This I Believe

Romy - Biscayne Park, Florida
Entered on May 30, 2006
Age Group: 18 - 30

This I believe……..

You are what you want to be, your goals, your desires, and the essence of what you already forgot you could be.

After a big fight with my husband I just couldn’t understand how ten years passed us by, filling us with emptiness and dissatisfactions. Ten years from what I could barely recall a memory. I spent an entire night counting stars, seconds and interrogating my memory, trying to remember why I fell in love, why I’m still here, why do I live like this, and the seconds became minutes, and the minutes hours and the hours became one of the longest nights.

After looking and almost giving up I finally found my self, lost in bills, traffic, monotony, loud noises, diapers, homework, and everything that I thought was important every single day of those ten years that passed me by.

And when I finally found my self, I was still eighteen years old, laughing from any other reason but joy, looking at clouds sitting in the car holding his hands for hours, just staring at the unstable clouds disguising themselves into different shapes and figures dancing in the sky. I closed my eyes as I remembered and I could almost feel the warmth of his hands, the smell of his skin, I could see the blue of his eyes lost in my hair and my laugh; all these feelings were revealed to me almost as if I was there; and I took a big breath inhaling the most pure oxygen, and as I inhaled I remembered that those were the moments that I missed. The air I inhaled invaded me, I had never experience such a feeling, so much pleasure just from breathing. The air was flowing like never before from my nose through my throat, to my lungs, and my entire body was filled with this oxygen that made me float in the air, reminding me of the dreams I had forgotten.

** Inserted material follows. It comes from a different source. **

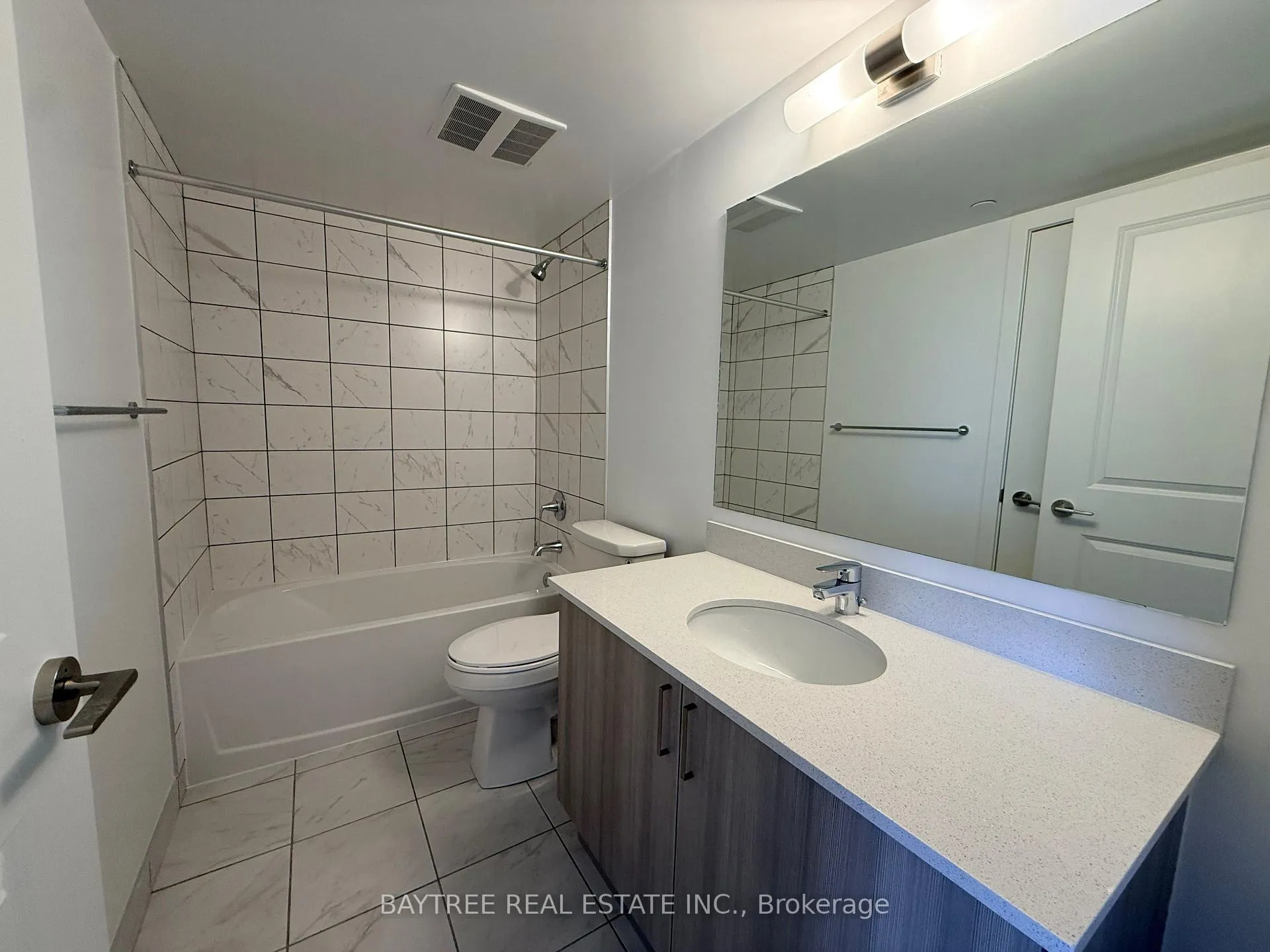 Photo 19 of Unit 801, 1010 Sandy Beach Road, Pickering, Bay Ridges — HOMEH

I realized that what I missed it was being me, and the simple husband who ten years ago could afford so little but achieved to give me the best memories of our relationship. Unfortunately, like most of the people we started to grow up, and with this the kids came, the house, the cars, and our careers, and all our dreams became to be economical and material goals, and everyday became to look the same, to taste the same, to smell the same, until I couldn’t with my self.

After this I began to analyze myself and I started a new journey, remembering who I was, so I can be again. I have been exercising my memory lately, and the more I remember me, the more comfortable I feel under my own skin, my kids give me joy, my husband is already walking up again the stairs of the pedestal that I had him in before, my life began to make more sense, and every day is a different day, not one day is the same as the one before.

And this I believe……. you can believe in yourself again, in the one you love, in your dreams and goals, you could be all you truly want to be. I believe we all have to have goals, dreams, and desires, because that is what makes us who we are. I believe that if we forget what we are living for, we stop living, breathing pure oxygen, thinking clear thoughts; we oppress our souls, and give power to our brains that finally take our lives and makes us mechanical beings. This I believe, we could be what we want to be, but always remembering the essence of our dreams.